David G. Pace is one of an emerging group of Mormon writers exploring the conflict between collective religious authority and personal authenticity. Properly understood as a work of magical realism, Dream House on Golan Drive tells young Riley Hartley’s coming-of-age story from the perspective of Zedekiah, a.k.a. Zed, one of the three immortal Nephites. Through Zed’s ironic voice, Pace rends the veil between the cosmology of his religion and the true-to-this-life experiences of a Mormon boy growing up in the 1970s and ’80s. As the maturing Riley explores his own propensities and doubts, he grows increasingly alienated from his familial and religious upbringing. Yet Dream House does not celebrate Riley’s rejection of the lds moral compass. Instead, Pace’s narrative poses the question that troubles wandering Mormons most: what will take the place of that compass?

The story begins as ten-year-old Riley moves with his large family from California to their “dream house” in a suburb just outside Salt Lake City. Riley’s father, Gus, is a well-respected lds lecturer with a gift for inspirational gab. Although a sincerely loving parent, Gus, like the paternalistic church he represents, sometimes inflicts collateral damage on the psyches of his flock through his allegiance to church doctrine.

When Riley is nearly twelve, the Hartley family takes in Lucy, a young convert and former heroin addict. Serving as the catalyst in Riley’s puberty-driven identity crisis, Lucy asks the kinds of questions that challenge all religious authorities. She wonders why, for example, the Mormon Word of Wisdom prohibits drinking tea or coffee, but not Coke or hot chocolate. Riley’s mother, Joan, tells Lucy that individuals are allowed to “embrace the larger meaning and decline soft drinks” (25). This discussion really concerns the spirit versus the letter of the law, but Gus and Joan cannot drift very far in the free-spiritual direction initiated by Lucy.

Riley, however, moves steadily away from the literal word. He and a few other boys secretly discover the joys of mutual masturbation, which Riley dubs “rubbing the genie lamp” (30). In a notebook provided by Lucy, he begins to collect words such as “genie,” “mendacity,” [End Page 376] and “copulation” and to consider the problems involved in naming a thing. Ultimately, the novel celebrates the power of metaphor and symbol to expand and strengthen the possibilities of worldly and otherworldly experience, as opposed to the limitations imposed by literal “meaning.” In a lovely exploration of the efficacy of words, Riley wonders, “What if a fish had a name for the water it swam in?” (156). Would that name adequately capture the essence of the fish’s entire universe?

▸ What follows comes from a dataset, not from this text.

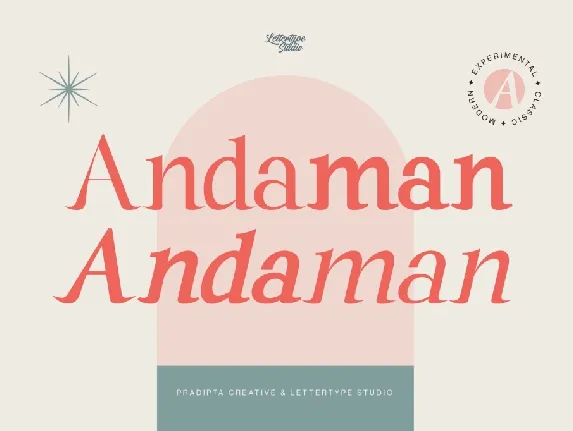 Andaman Demo font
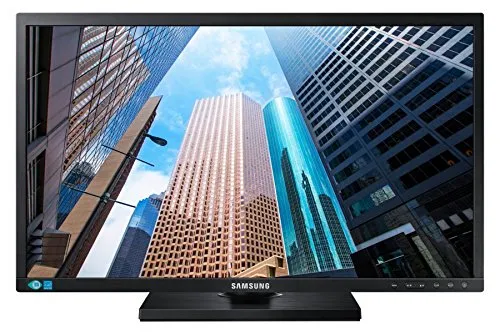 Samsung Monitor S22E450F Monitor Professionale 22" Full HD, 1920x1080, 60 Hz, 5 ms, HDMI, D-Sub, DVI, USB, senza Casse Integrate, Regolabile in Altezza, Swivel, Pivot, Nero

Presaging the next step in Riley’s self-awakening, Zed remarks: “Before people become free to do what they want, they take another journey. A guilt trip” (61). Sure enough, Riley is called to a meeting with Bishop Bowen, who reprimands him for his self-abuse. Ri-ley squeezes out some tears for the occasion, but experiences an increasingly familiar disjuncture between the shame he is expected to feel and the rapture he actually does feel while rubbing his metaphorical lamp.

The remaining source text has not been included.